I get to what was maybe the first two things that were actually on my ‘to do’ list.

One thing I have learned about myself (and it only became clear to me because I see that I’ve handed this trait down to my oldest son) is that I am a task driven person.  When I’m thrown off task my mental equilibrium gets thrown out of kilter.  What I’ve managed to learn through the years is to take a deep breath, recognize what is MOST important, get on that task, complete it, then move on…stay organized.
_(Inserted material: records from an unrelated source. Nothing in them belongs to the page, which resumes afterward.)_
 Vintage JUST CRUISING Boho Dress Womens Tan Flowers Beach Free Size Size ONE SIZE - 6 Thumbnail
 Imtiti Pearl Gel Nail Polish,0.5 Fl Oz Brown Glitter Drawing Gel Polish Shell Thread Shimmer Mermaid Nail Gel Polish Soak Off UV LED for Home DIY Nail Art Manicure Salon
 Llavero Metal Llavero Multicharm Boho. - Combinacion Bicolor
Sounds perfect, right?  Oh I am just SO GOOD. 🙂

BLAH

What I haven’t learned how to do is INTERNALIZE, REGROUP and LET GO.  I am proud of my ability to multitask and get things done, however, what happens is over time when something that is important to me is on that ‘to do’ list  and  continues to get ‘pushed aside’ a sneaky form of  bitterness and resentment begins to seep through the cracks.  I call it selfishness because it’s how I feel internally.  I feel selfish because I long to complete that one task, though it wasn’t meant to benefit my specific job at the parish, or benefit my specific ministry or even my family’s personal needs I still desire to get it done because it’s something that I want to do that no one else is asking me to do.  Granted,even what I want to do, in all honestly, would truly benefit my family in the long run, and in all honestly, could benefit young people which would be beneficial to ministry as a whole, well if I look at it that way it makes me that much more frustrated.
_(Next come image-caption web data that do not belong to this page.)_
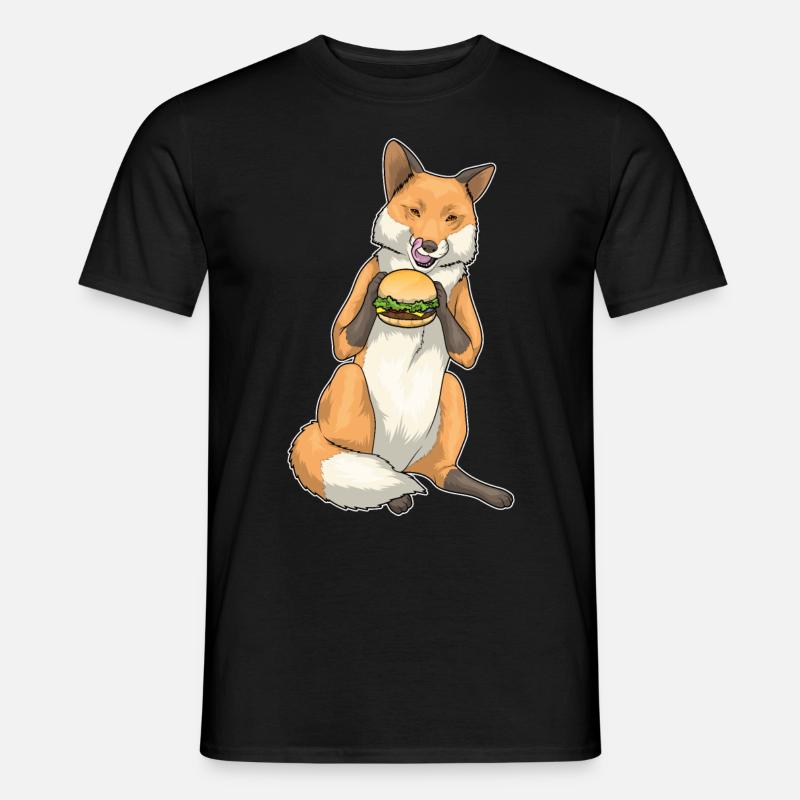 Fuchs Burger - Männer T-Shirt - Schwarz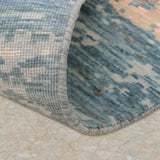 Tidebreak – Hand Knotted Wool Rug in Teal Blue/Cream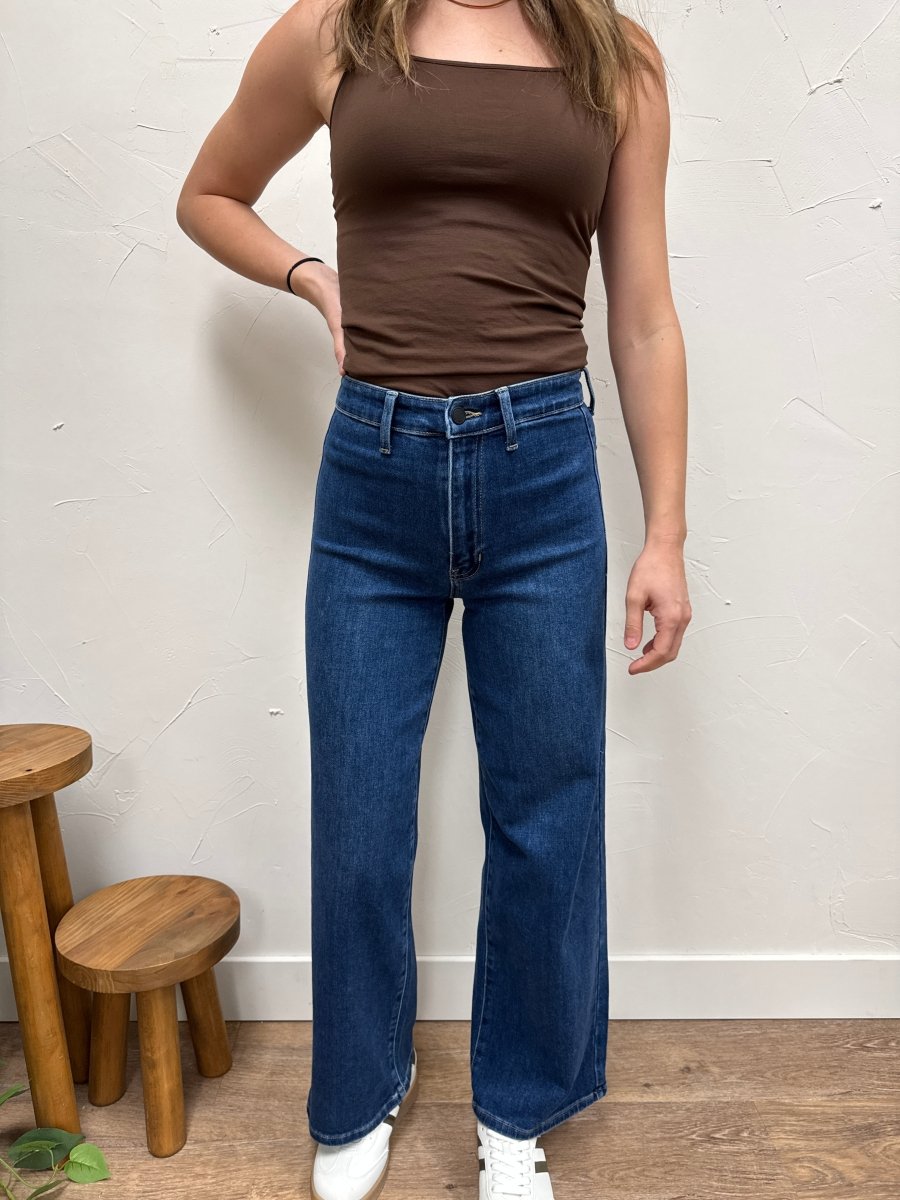 Lifestyle shot of model styling Hidden Pocket Trouser Denim with casual top — Three:Twelve Boutique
To end this tangent, I just need to come out and tell you where I am on my personal journey led by God… at a stand still.  Crazy, right?  I mean I have a book coming out in the spring, and some wonderful speaking opportunities.  Yet I feel at a stand still.  Something is about to begin, a new path along this journey and there are days that I am very EXCITED to be in this place because one lesson I have learned in life is that God will grant desires I don’t even have to long for!  But on days like this, when I think I am following His will and yet I’m pulled in a thousand other directions (all good but off ‘my planned track’) then I feel that sneaky demon of spoiled frustration crawling up my back, taking  hold of my will and screaming through me, “No, I don’t want to do ANYTHING!”

And when I allow myself to fall into this web of deceit and I have moments of pure solitude, no one asking for anything, demanding, needing, pleading, begging, wanting…  I hate it.  It doesn’t feel right.  I physically squirm with discomfort because I feel it on my back.

What is the lesson in all of this?  I need to get over myself.

🙂

And sometimes it just feels good to vent.  Thanks for listening!